### Activity
With the pictures set aside, return the lines below exactly, beginning at the first and ending at the line containing "Hermes Evelyne III".

[Image-text web data]
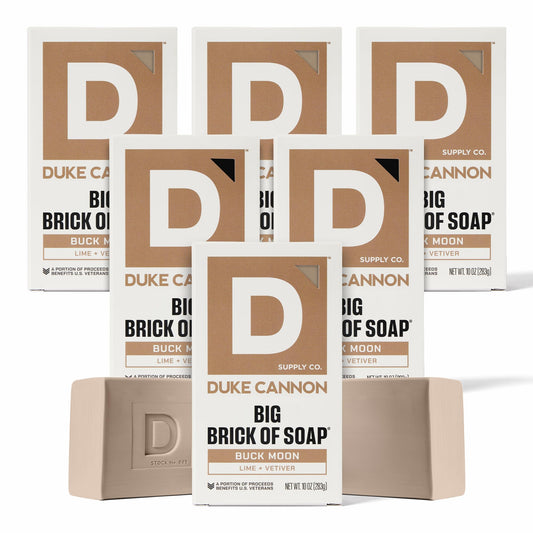 Duke Cannon Buck Moon six-pack display of bar soaps.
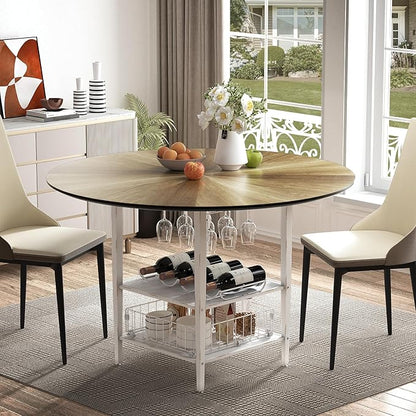 VFK 47 Inch Round Dining Table Set for 4-6 People, Large Farmhouse Kitchen Dining Table Set with Chairs and Storage Rack, Metal Base Round Table for Home Dining Room Living Room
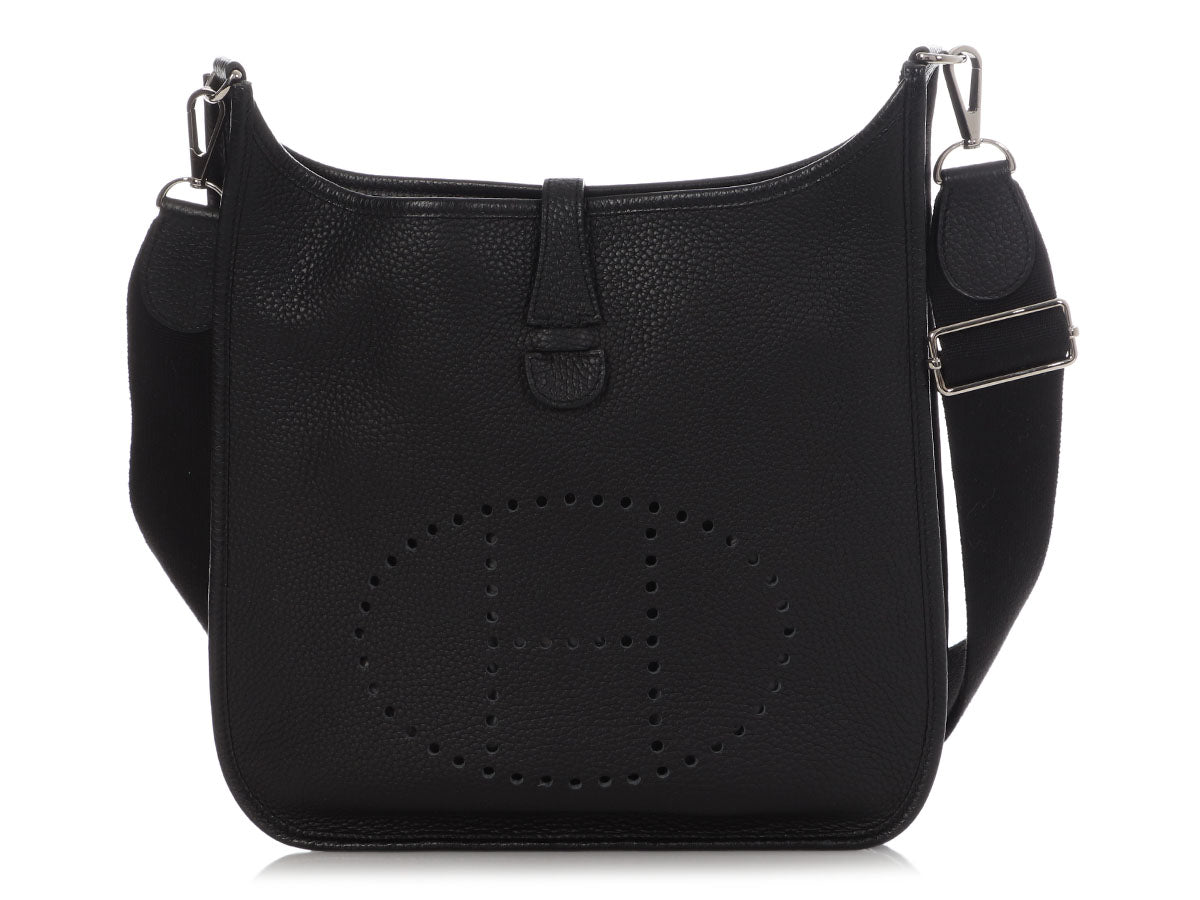 Hermes Evelyne III PM Clemence Bag in Black with Palladium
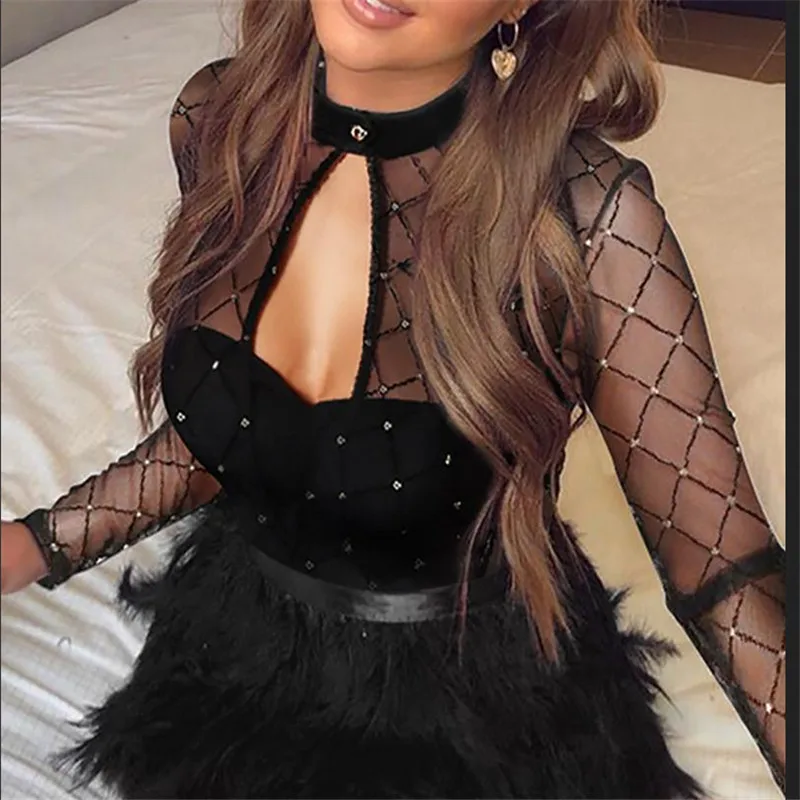 Женское прозрачное облегающее Сетчатое платье с длинным рукавом Коктейльные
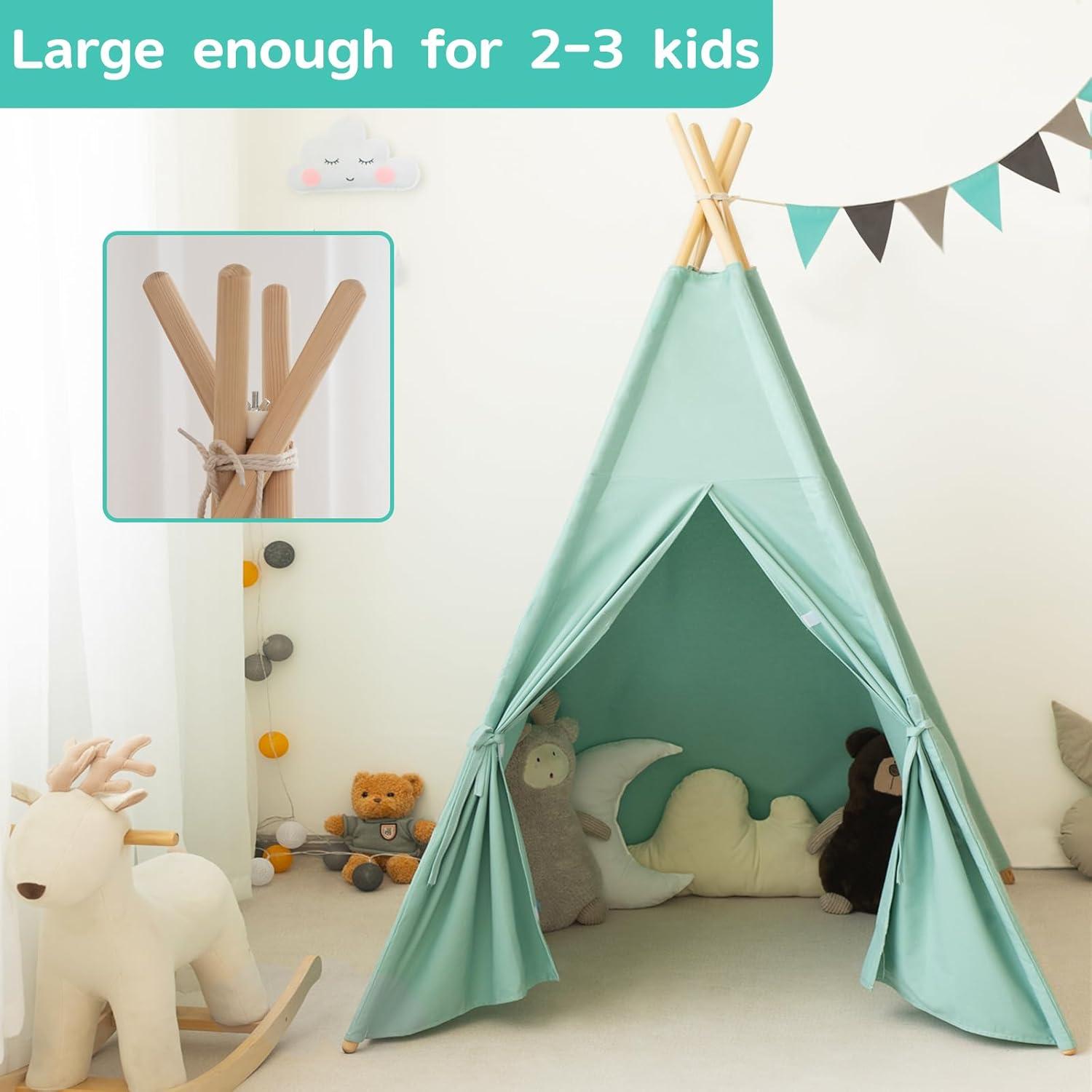 Tienda Teepee para Niños Verde - Juego Interior y Exterior 121x121cm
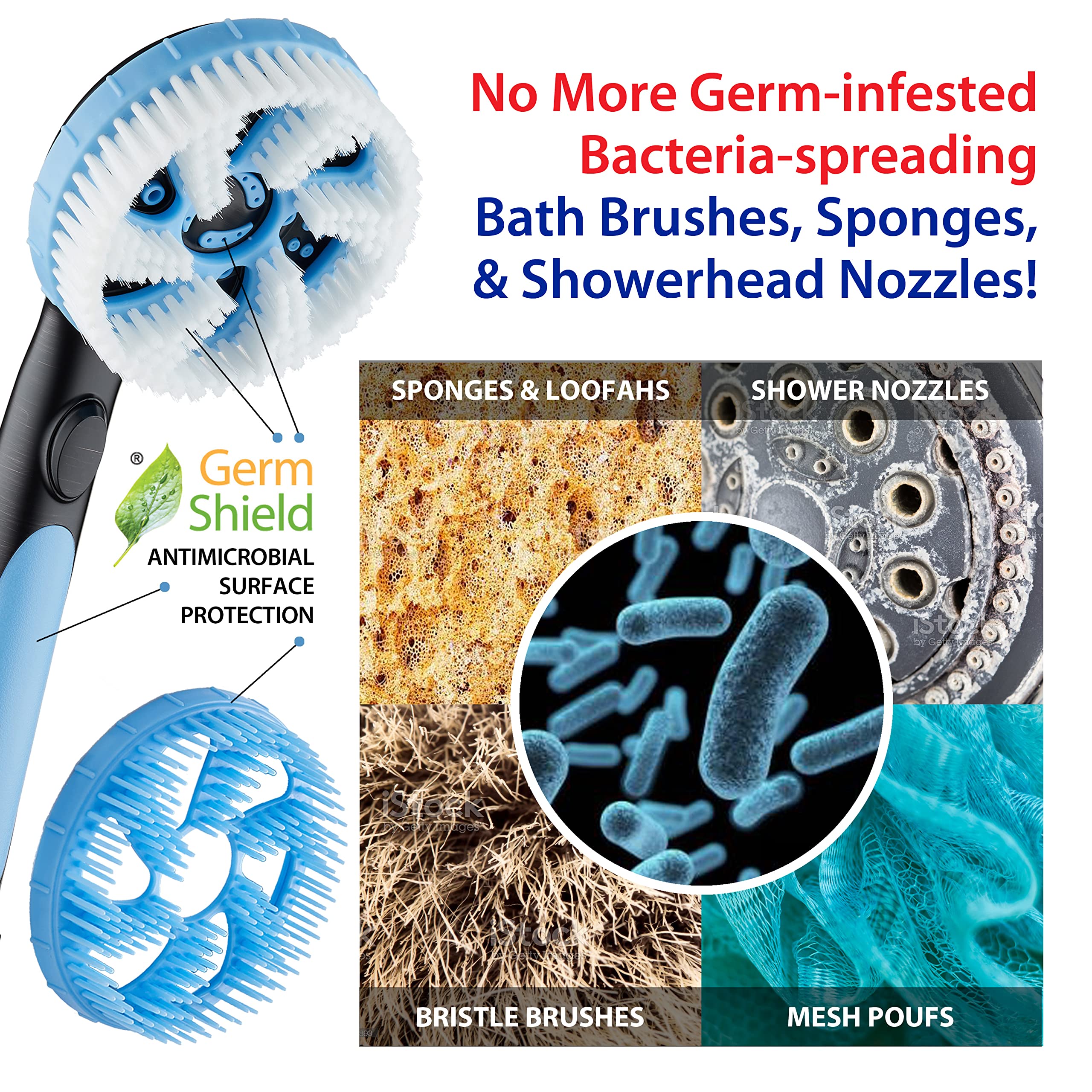 Hotel Spa Aquassage 6 en 1 de alta presión - Combo de 3 vías de 76 modos, cabezal de ducha, ducha de mano, cuerpo, cepillo para el cabello y brazo en uno, dos soportes, manguera de acero inoxidable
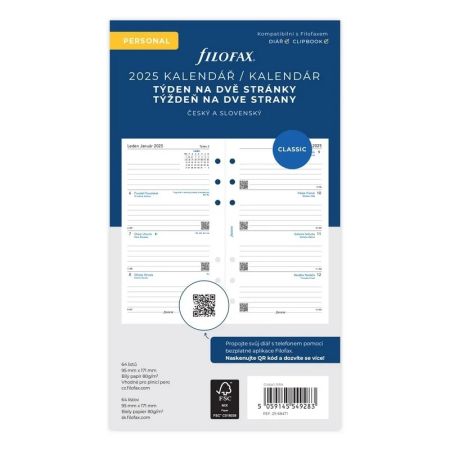 Kalendář Filofax osobní, týden /2 strany ČJ+SJ 2025, linkovaný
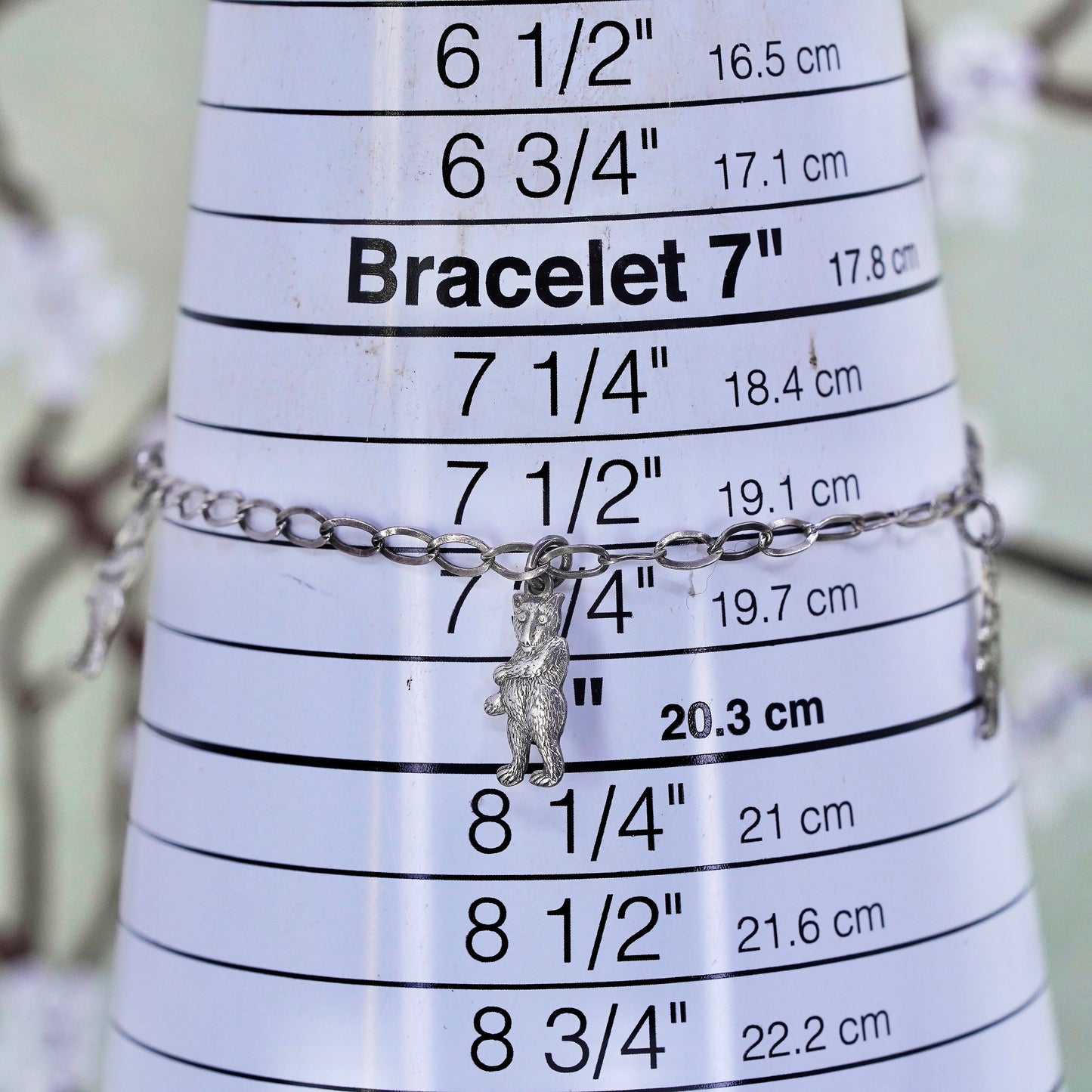 7.5” 3mm, Vintage sterling 925 silver twisted curb bracelet with bear charms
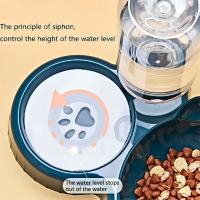 Cuencos para Mascotas 3 en 1 Diseño de Oreja Inclinada Juego de Cuencos para Agua y Comida para Gatos Botella de Agua Gravitacional para Protección del Cuello - details 3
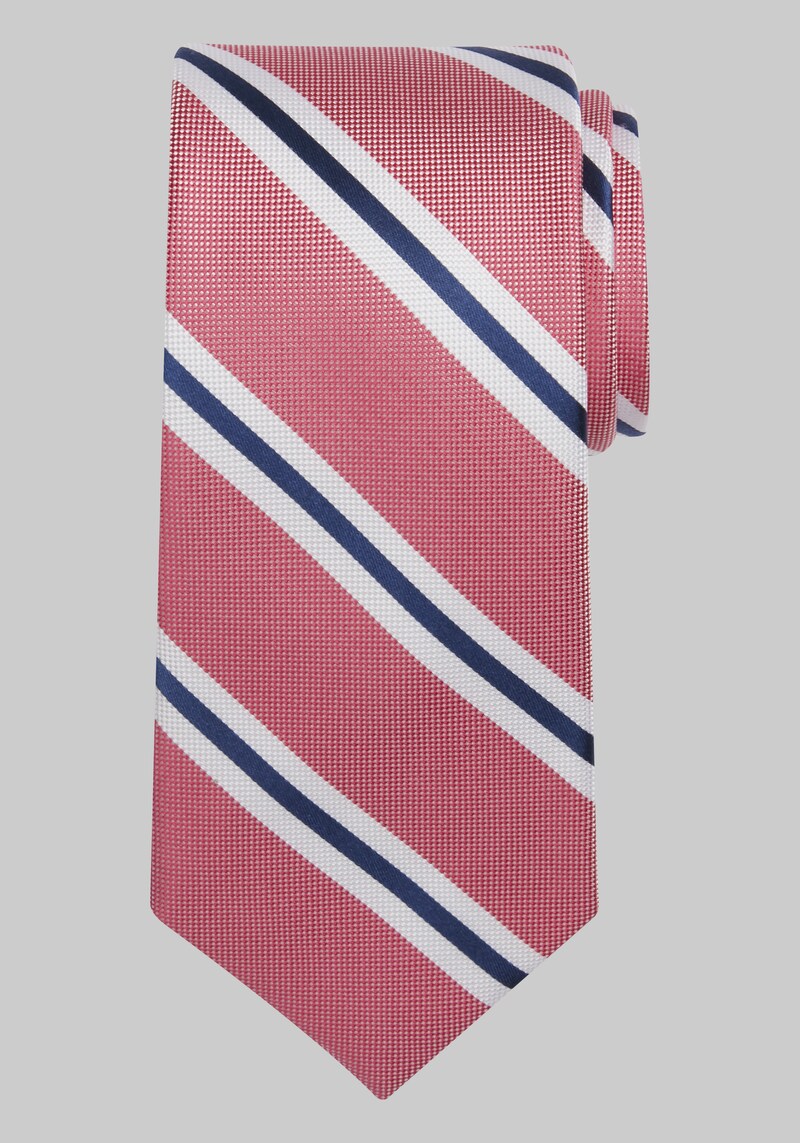 Men's Traveler Collection Oxford Satin Stripe Tie, Berry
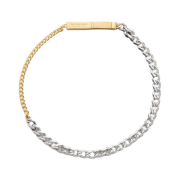 Bottega Veneta Chains Bracelet Silver Yellow Gold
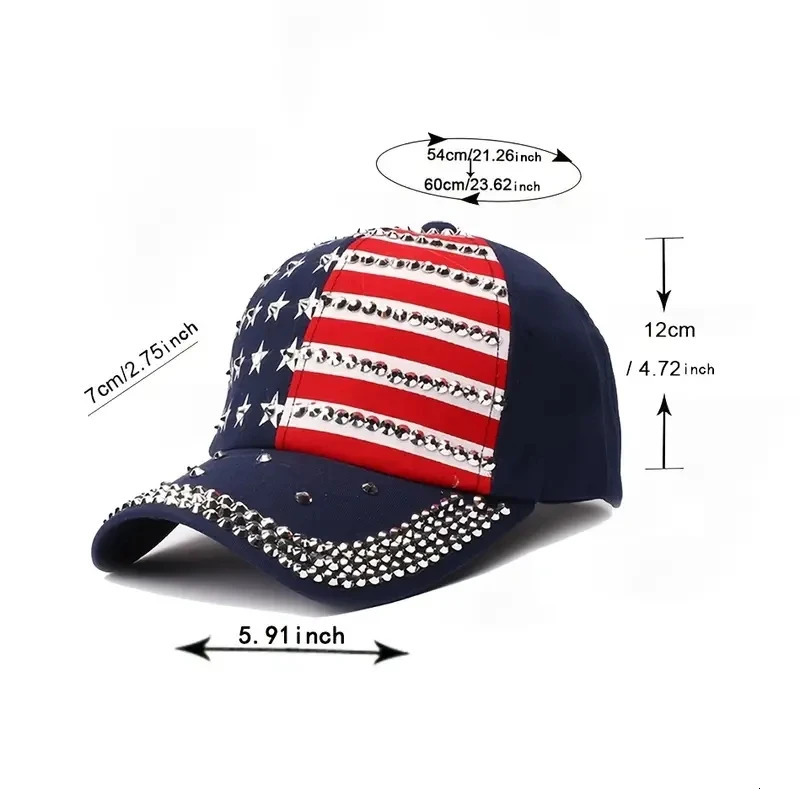 American Flag Baseball Cap Sparkle Studded Flag Deim Hip Hop Hat Outdoor Casual Style Man Unisex Hat For Women Girls 241225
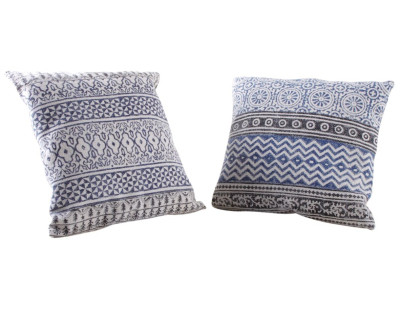 Coussin bleu et blanc en coton (Lot de 2)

### Solution to the exercise
 Duke Cannon Buck Moon six-pack display of bar soaps.
 VFK 47 Inch Round Dining Table Set for 4-6 People, Large Farmhouse Kitchen Dining Table Set with Chairs and Storage Rack, Metal Base Round Table for Home Dining Room Living Room
 Hermes Evelyne III PM Clemence Bag in Black with Palladium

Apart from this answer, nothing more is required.